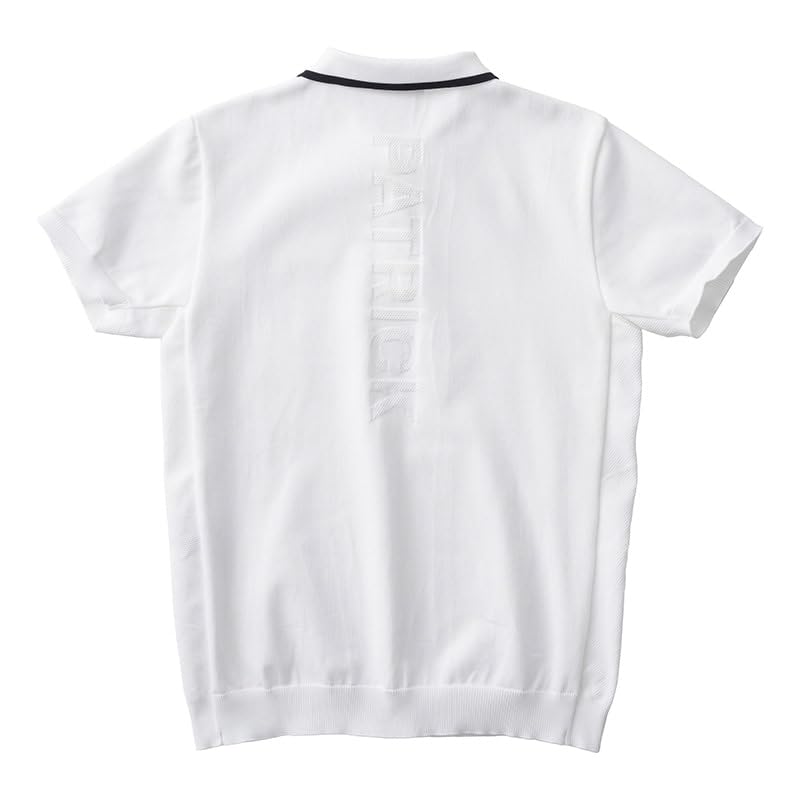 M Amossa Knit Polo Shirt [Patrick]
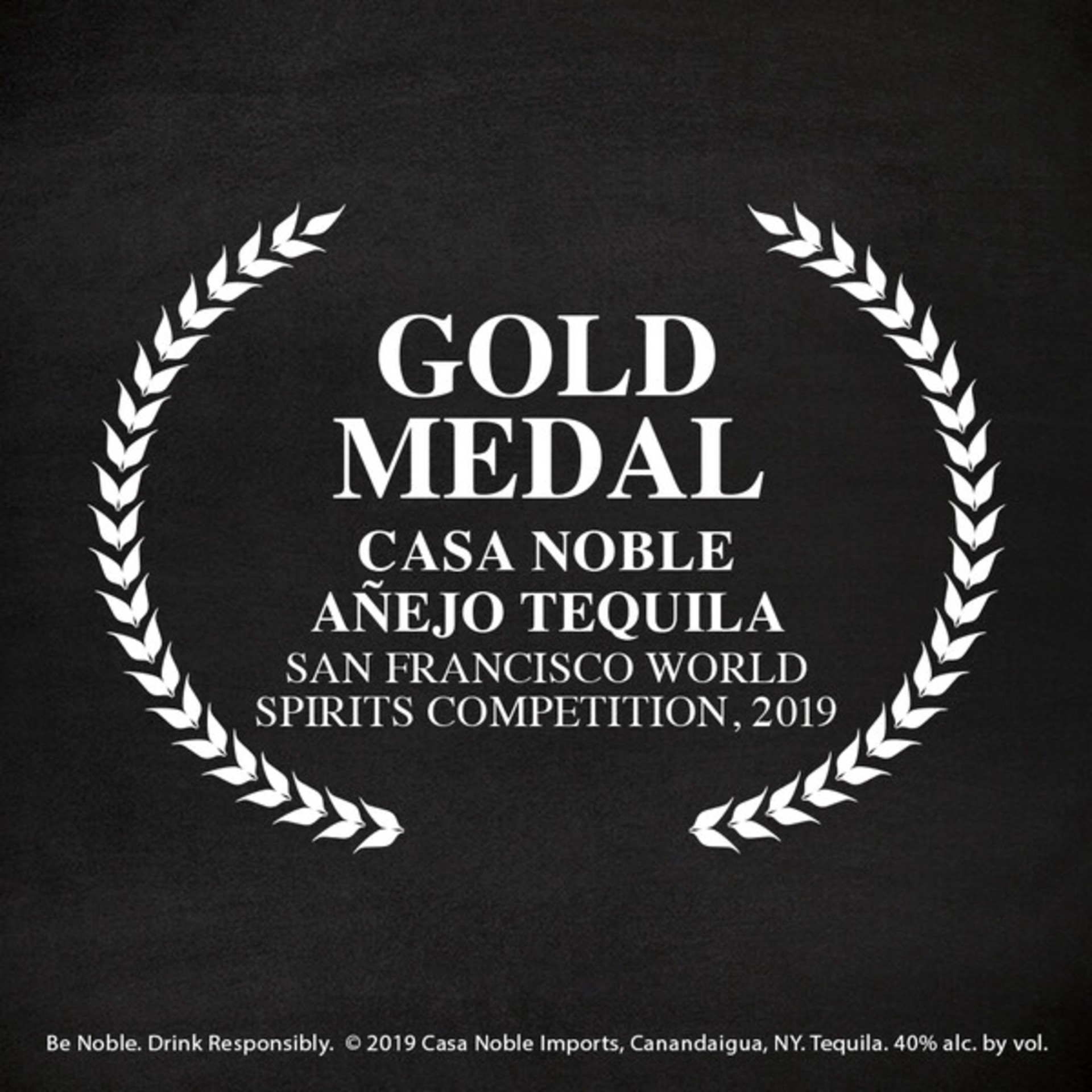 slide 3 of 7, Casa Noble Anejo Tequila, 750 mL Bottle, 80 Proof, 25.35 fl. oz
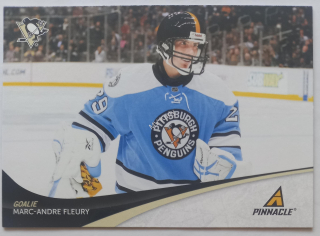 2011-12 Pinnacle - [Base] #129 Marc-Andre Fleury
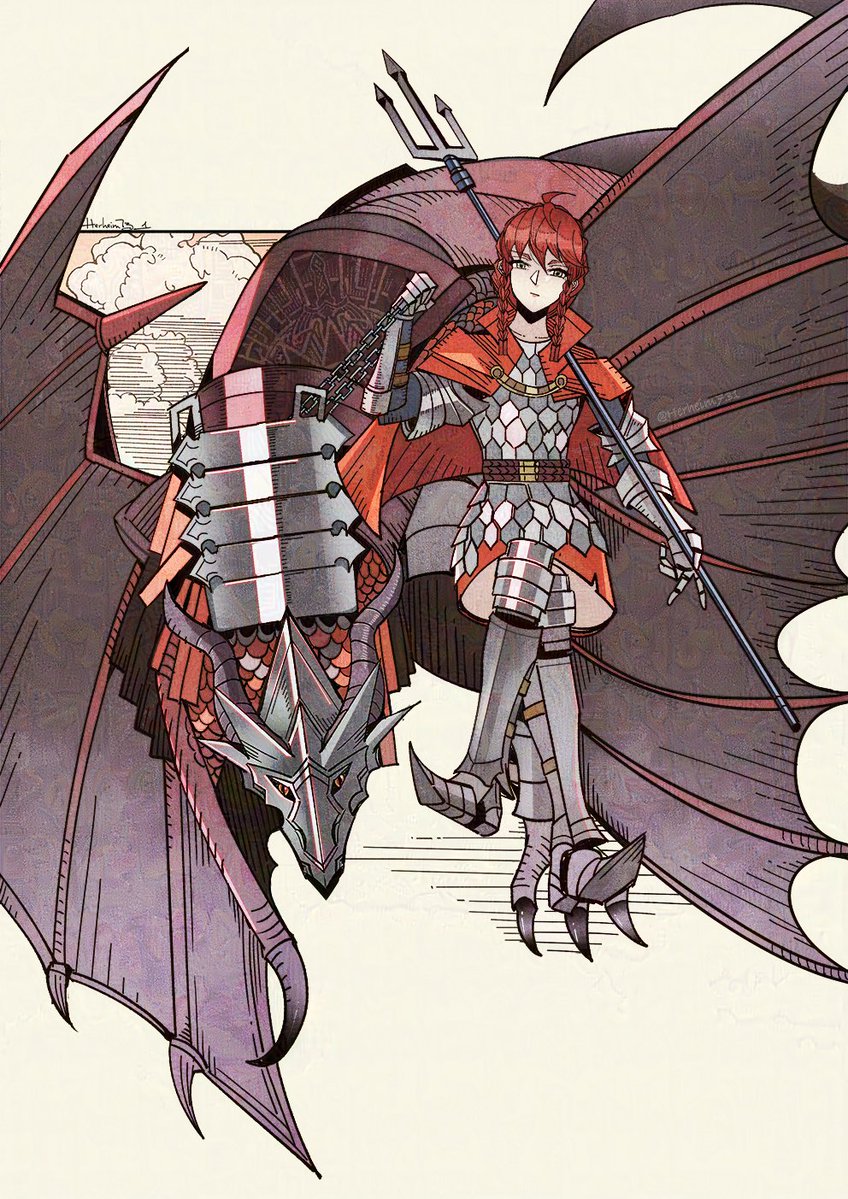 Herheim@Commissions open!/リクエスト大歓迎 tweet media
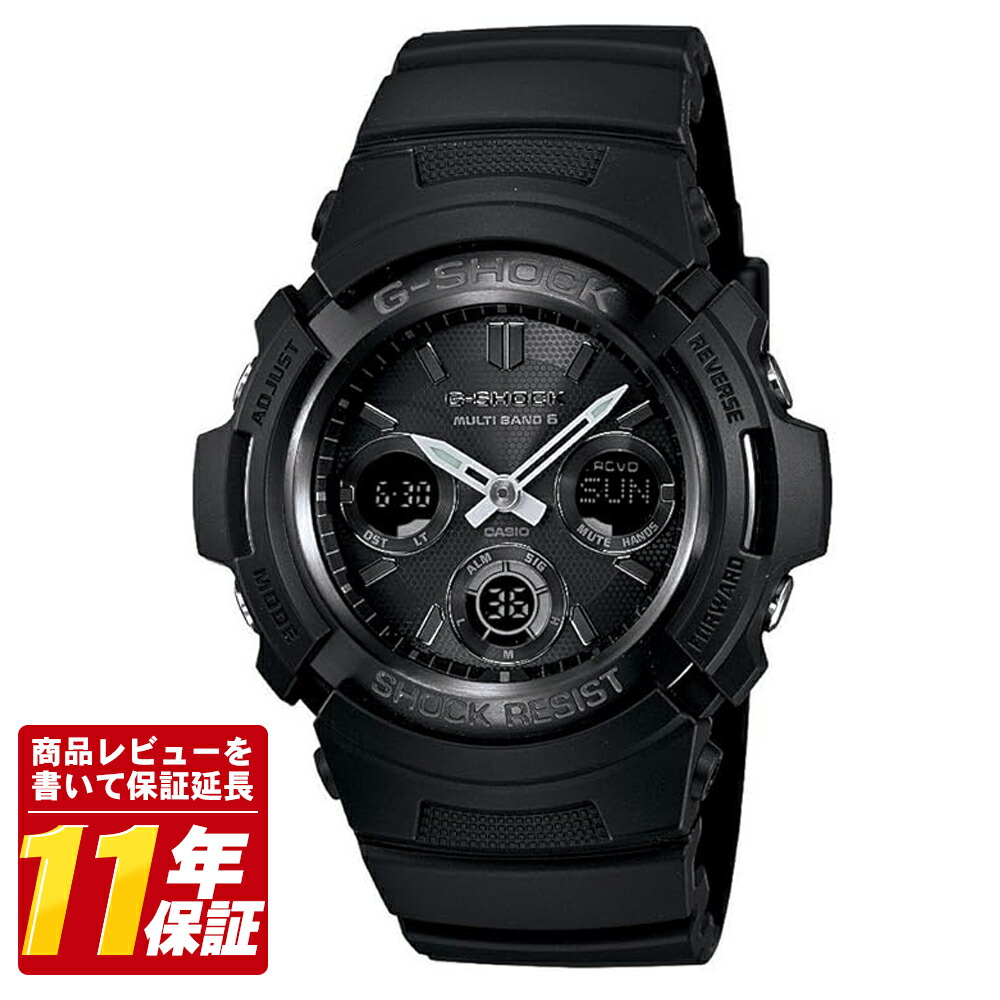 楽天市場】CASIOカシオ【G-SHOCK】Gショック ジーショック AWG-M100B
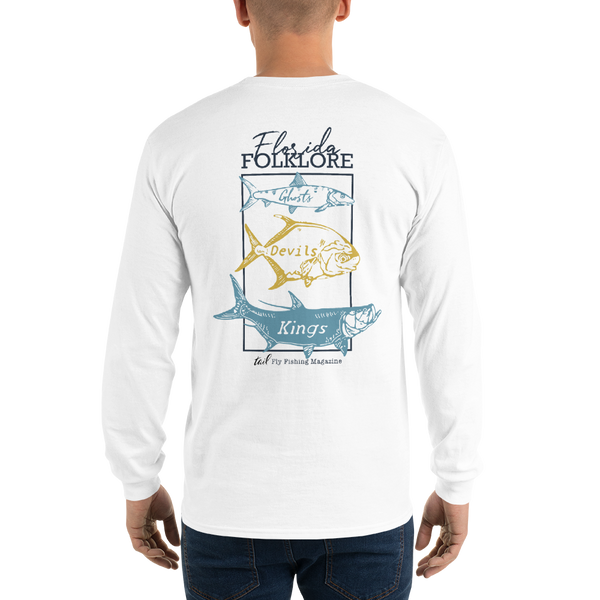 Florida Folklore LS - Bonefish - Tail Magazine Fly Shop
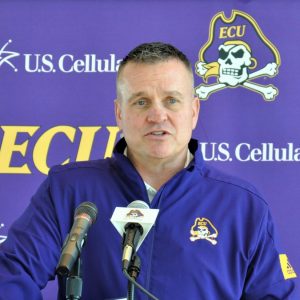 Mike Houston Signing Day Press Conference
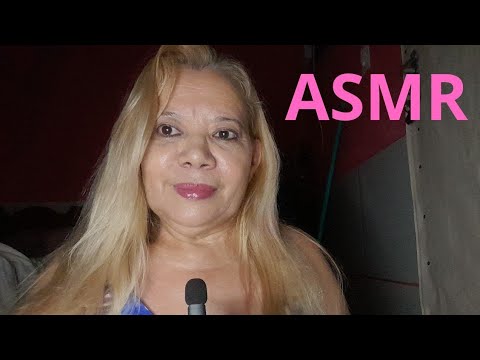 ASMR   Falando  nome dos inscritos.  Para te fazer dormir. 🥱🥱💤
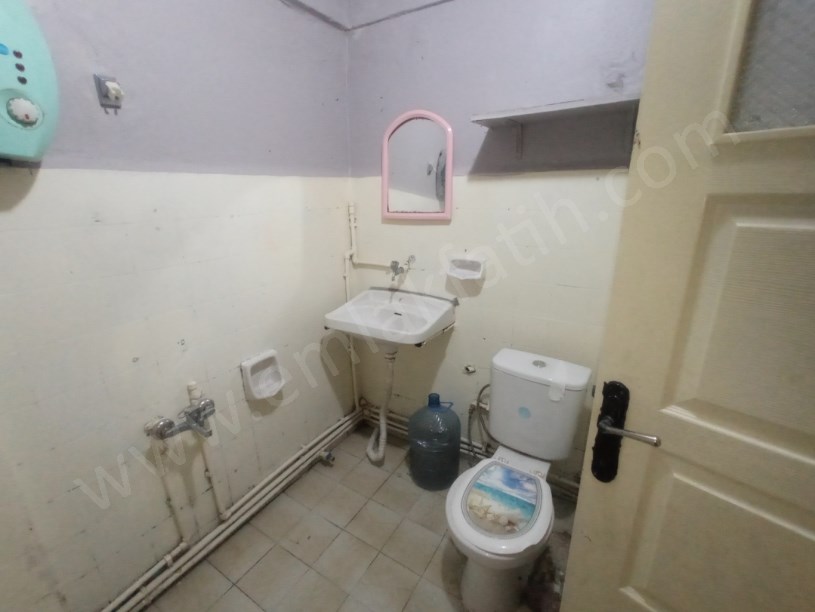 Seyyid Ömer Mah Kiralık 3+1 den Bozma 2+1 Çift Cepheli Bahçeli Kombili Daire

◆ Exercise details ◆
What should appear is an exact copy of the lines from the one containing "楽天市場】CASIOカシオ【G-SHOCK】Gショック ジーショック AWG-M100B" through the last line of the records above, pictures excluded.

◆ Written solution ◆
 楽天市場】CASIOカシオ【G-SHOCK】Gショック ジーショック AWG-M100B
 Florida Folklore LS - Bonefish - Tail Magazine Fly Shop
 Mike Houston Signing Day Press Conference
 ASMR   Falando  nome dos inscritos.  Para te fazer dormir. 🥱🥱💤
 Seyyid Ömer Mah Kiralık 3+1 den Bozma 2+1 Çift Cepheli Bahçeli Kombili Daire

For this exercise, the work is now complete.